Auf dem gerade bespielten Flügel sollte der jeweilige Offensivspieler zusammen mit seinem unterstützenden Außenverteidiger für Flanken in die Mitte sorgen, wo die beiden Stürmer von den jeweils ballfernen Außenspielern unterstützt wurden. Auch wenn diese Strategie wenig kreativ, sondern vorhersehbar war, bedeutete sie zumindest eine klare Marschrichtung, die angesichts der enttäuschenden spielerischen Leistung vor der Halbzeit und eines 0:2-Rückstands durchaus ihren Sinn als Tore-Erzwingung hatte und auch dank der schieren Präsenz in der Box zu einigen ordentlichen Aktionen führte.
Auf der anderen Seite öffnete die sehr offensive Ausrichtung der Außenverteidiger allerdings große Räume für Gegenstöße, was sich bereits rächte, ehe die geplante „Gewalt-Aufholjagd“ überhaupt richtig begonnen hatte. Wie allerdings Klose förmlich zum 3:0 spazieren konnte, weil die Milan-Innenverteidiger nicht aufpassten oder Abate abschaltete, und wie einfach es dem deutschen „Fast-Rekordtorschützen“ gemacht wurde, grenzte schon an Arbeitsverweigerung der Gäste.
Als nach einem gewitzten Freistoß von Emmanuelson auf seinen Landsmann Nigel de Jong dann allerdings der 3:1-Anschlusstreffer fiel, bekam die Partie noch einmal Spannung, denn Milans Vorgehen sorgte weiterhin für Druck, wenn auch nicht immer Konkretes dabei herauskam. Dank El Shaarawys Tor zum 3:2 und dem schlechten Ausspielen von Konterszenen seitens Lazio kam es doch noch zur nicht mehr für möglich gehaltenen Zitter-Endphase, in der Allegri mit der Einwechslung Bojans noch einmal volles Risiko ging. Letztlich brachte Lazios weitgehend gute Endverteidigung (Biava und Dias, die viele Bälle klärten und mit gutem Timing antizipativ aus der Kette hinausrückten) den Sieg aber über die Zeit.
Fazit
Dieser Sieg war in der Gesamtbetrachtung auch verdient, da Lazio in der ersten Halbzeit in mehreren Punkten überlegen war – nicht haushoch, aber zu einem gewissen Grad überlegen. Gerade die offensive Harmlosigkeit der Gäste war enttäuschend und machte es Lazio möglich, sogar in manchen Phasen auf ein riskanteres 4-4-2-Pressing zu wechseln. Mit Gewalt über die Flügel konnte Milan dann im zweiten Durchgang die etwas zu hohe Führung für die Hausherren verkürzen, sich mit diesem Risikospiel über die Außen aber nicht mehr das Remis verdienen.

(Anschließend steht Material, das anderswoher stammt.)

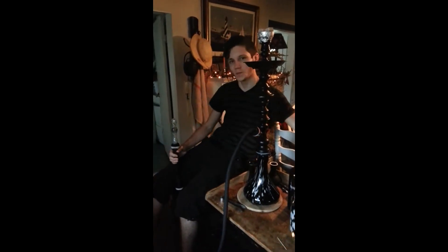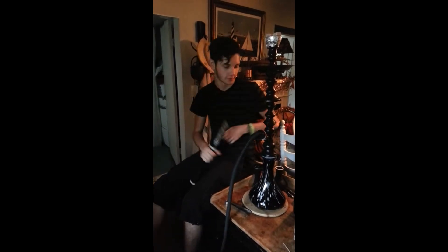Oh, hello there, almost didn't see you — just sipping on some Coke. I have a nice little mix here for everybody, and for everybody who's watching this and doesn't know who I am, I am the Hookah Doctor, and I figured I'd mix a little concoction up for today's hookah smoke.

Beim Meister von 2011 geht die Krise damit weiter und Trainer Allegri steht immer mehr in der Schusslinie – angesichts von 5 Niederlagen in den bisherigen 8 Liga-Spielen sowie eminenten Problemen mit dem Toreschießen dürften es unruhige Tage werden. Man muss natürlich den Verlust an mehreren wichtigen Spielern in die Bewertung mit einfließen lassen und man kann Allegri für sinnvolle taktische Reaktionen während der Spiele loben, doch das grundsätzliche und normale Spiel von Anpfiff an weist derzeit zu große Defizite, insbesondere die fehlende Durchschlagskraft, auf. Auch wenn die aktuelle Milan-Mannschaft personell nicht die Möglichkeiten für einen ernsthaften Meisterkampf hat, so sollte dennoch ein solides Abschneiden möglich sein, was derzeit nicht der Fall ist. In der Offensive haben die fehlenden Verbindungen, das schwache Nachrücken und die unpassende Staffelung nicht ausschließlich etwas mit personellen Aspekten zu tun.
Während Milan sich nun erst einmal stabilisieren muss, kämpft Lazio an der Spitze mit und hat zumindest sehr gute Aussichten auf einen CL-Platz. Ohne wirkliche Neuzugänge (Ederson wurde früh verpflichtet und hatte mit einigen Verletzungen zu tun, Ciani hingegen kam spät) hat es Vladimir Petkovic geschafft, seine Mannschaft auf eine sehr stabile Erfolgsspur zu bringen. Das Team scheint deutlich konstanter zu sein als vergangene Saison (auch durch eine kohärente und eher selten wechselnde Formation) und in der Offensive werden bereits Ansätze von längeren Kombinationsangriffen deutlich. Wichtig in diesem Zusammenhang ist auch die offensivere Aufstellung – unter Reja fehlten aufgrund von teilweise vorsichtigen Außenverteidigern, vor allem aber aufgrund des geringen Aufrückens aus dem Mittelfeld die Präsenz und die Verbindungen in der Offensive, was eine Interaktion erschwerte. Aktuell spielt Lazio noch keinen Gegner mit Kurzpassstafetten an die Wand, doch erzeugen sie offensiv mehr Druck und haben bereits einen wichtigen Schritt nach vorne gemacht.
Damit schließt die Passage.